# First major Tau conversion; my Commander Farsight



## Lord_Murdock (Jul 16, 2008)

Yep, this is my first major conversion for my Tau army, but that isn't saying much as right now the entire army consists of about 4 battlesuits and a few drones. :laugh:

Anyway, here's my counts-as Commander Farsight, Commander Ironclad:




























I'm trying to give my Tau army a "forgotten industrial world" theme, so in other words the only equipment they have is whatever they can make on their planet. So, lots of what they use is old or obsolete. Commander Ironclad here is wearing his signature suit of XV7.9.1 Beta Crisis Armour, with a V0.1.5 shield generator on his back (the little pointy things sticking out). 

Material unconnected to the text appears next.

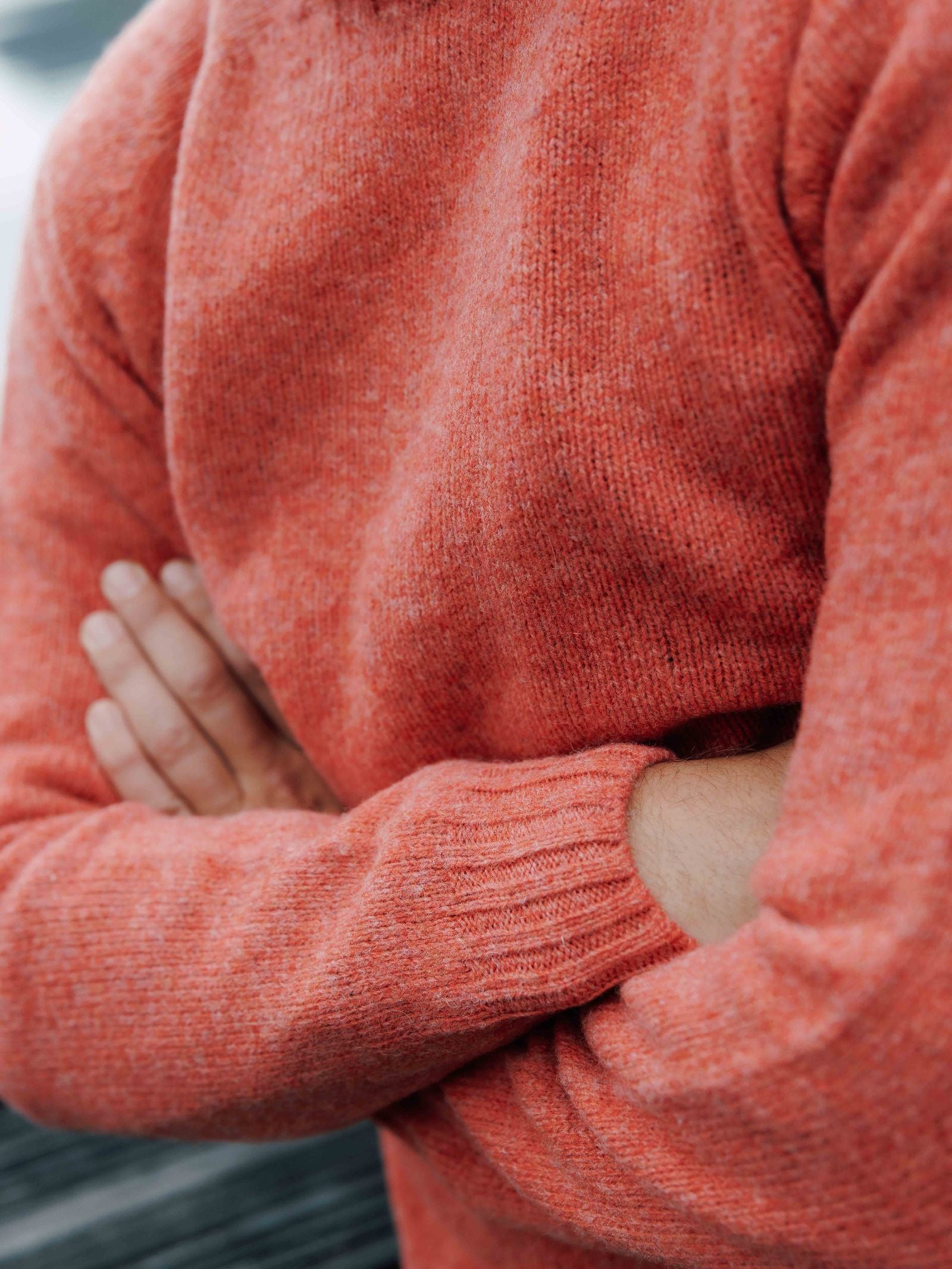 A person wearing the Campbell's of Beauly Shetland Jumper in orange-red lambswool stands with arms crossed. The photo highlights the sweater’s textured knit, focusing on the upper body without showing the face.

Anyway, all fluff aside, I'll be painting this guy sometime soon, so I'll have updated pictures shortly.


----------



## gmpoto (Jun 29, 2008)

Wow! That looks awesome! Keep updated with pics, can't wait to see final result!


----------



## Marneus Calgar (Dec 5, 2007)

Looking good, I really like that, can't wait to see it painted


----------



## Lord_Murdock (Jul 16, 2008)

Thanks!

Well, here he is:





































Just to taunt my friend's army, a necron painted in his colour scheme is being squashed in Ironclad's claw... lol

Anyway, C&C are appreciated!


----------



## Azwraith (Apr 23, 2009)

i like that looks really nice! cool scheme


----------



## Arcane (Feb 17, 2009)

Looks great. I think the pose is slightly awkward but it is a mech after all. 

Good job!


----------



## Shaun_wi (Oct 8, 2008)

Anyone else think he looks like johny 5  cool conversion though pal. I like the idea of the necron I always try to include parts of my regular opponents bits into my centrepiece models.


----------



## subtlejoe (Sep 23, 2008)

i love it. Very original.


----------



## xGhost4000x (Feb 14, 2010)

I think it's awesome, but you should make the necron interchangeable, so you could put an Ork in his arm if he's fighting Ork, Tau if Tau etc.


----------



## Lord_Murdock (Jul 16, 2008)

Thanks!



xGhost4000x said:


> I think it's awesome, but you should make the necron interchangeable, so you could put an Ork in his arm if he's fighting Ork, Tau if Tau etc.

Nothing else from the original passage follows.